On that evidence, the main, if not the only function of the business was to support the applicant's habit. She had to buy in the drugs. If she used one-third of what she bought in for herself and her runners, the cash profit on the sale of the remaining two-thirds may have been fully utilised in paying for the one third that was used. The evidence does not enable one to tell precisely whether there was a profit in terms of cash flow. There might have been but it would not have been much. In this regard, the judge said:
“I've said that these offences are very serious and I have said that they are part of a systematic business which was conducted for profit. It was suggested that Mrs D'Amico was a dealer because she was a user and in part that is true but the amount that she and her assistants used during the period covered by this charge is less than a third of the amount that she had in her possession and the rest was sold for profit. If she chose to devote that profit to feeding her habit that is not a matter with which the Court can be concerned”.
Approaching the matter in that way his Honour correctly applied the decision of this Court in the guideline judgment of Henry, (1999) 46 NSWLR 346. where the Chief Justice said At [202].that there is no warrant to assess a crime induced by a need for funds to feed a drug addiction as being lower in the scale of moral culpability than other perceived requirements for money.
Wood CJ at CL said in the same case at [257-9] that the casual relationship between a drug habit and a commission of an offence should not, as a matter of general principle, automatically lead to a lesser penalty. The way in which the need to acquire funds to support a drug habit could be relevant, although not a matter of mitigation in itself, was explained by Justice Wood at [273]. Considerations such as he mentioned there do not apply in this case.
The most that can be said for this aspect of the matter is that the motive for the activity in this case was not so base a motive as occurs in some other cases where the activity is carried on for no purpose other than to acquire money, sometimes large amounts of money, out of pure greed.
It has not been demonstrated that there was any error on the part of the trial judge in the way he assessed this aspect of the matter.
The role of the offender is of course a relevant consideration in relation to drug offences. That was established by the case of Raz. Unreported NSWCCA 17 December 1992. It is also a matter reflected in the judgment in Henry and in other cases. In this case the judge found, as he was bound to find, that the applicant was engaged in the supply of heroin in a businesslike and systematic way with two underlings involved in the operation.
There were strong subjective considerations to be brought to account. The judge reviewed them and there is nothing to suggest that he did not give them appropriate weight.
This brings me to the second matter argued on appeal. The applicant submits that inadequate weight was given to circumstances involving the applicant’s child who is now four years of age. The child is living with grandparents. Circumstances which need not be reviewed here prevent the child being brought to see his mother often.
It is unfortunately the usual case that prisoners suffer emotional distress due to separation from family members and that families suffer both material and emotional hardship as a result of the incarceration of a member of the family.
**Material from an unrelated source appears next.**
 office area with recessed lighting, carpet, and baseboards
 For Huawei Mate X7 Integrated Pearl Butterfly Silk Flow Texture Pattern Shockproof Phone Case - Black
It is in these circumstances that a principle has been generated that it is only in cases of exceptional hardship that consideration can be given to this factor in mitigation of sentence, Edwards. Unreported NSWCCA, 17 December 1996. This is not a sufficiently exceptional case to have required such consideration by the sentencing judge. No error is therefore demonstrated in that respect.
The sentence imposed in this case was towards the upper end of the range of sentences imposed for this offence on a plea of guilty. That, however, is not of itself demonstrative of error in failing to take account of any relevant circumstance. The statistics which have been presented cover only twelve cases and do not reveal important considerations such as the amount of drug involved and, more importantly, the role of the offender in the supply of the drug.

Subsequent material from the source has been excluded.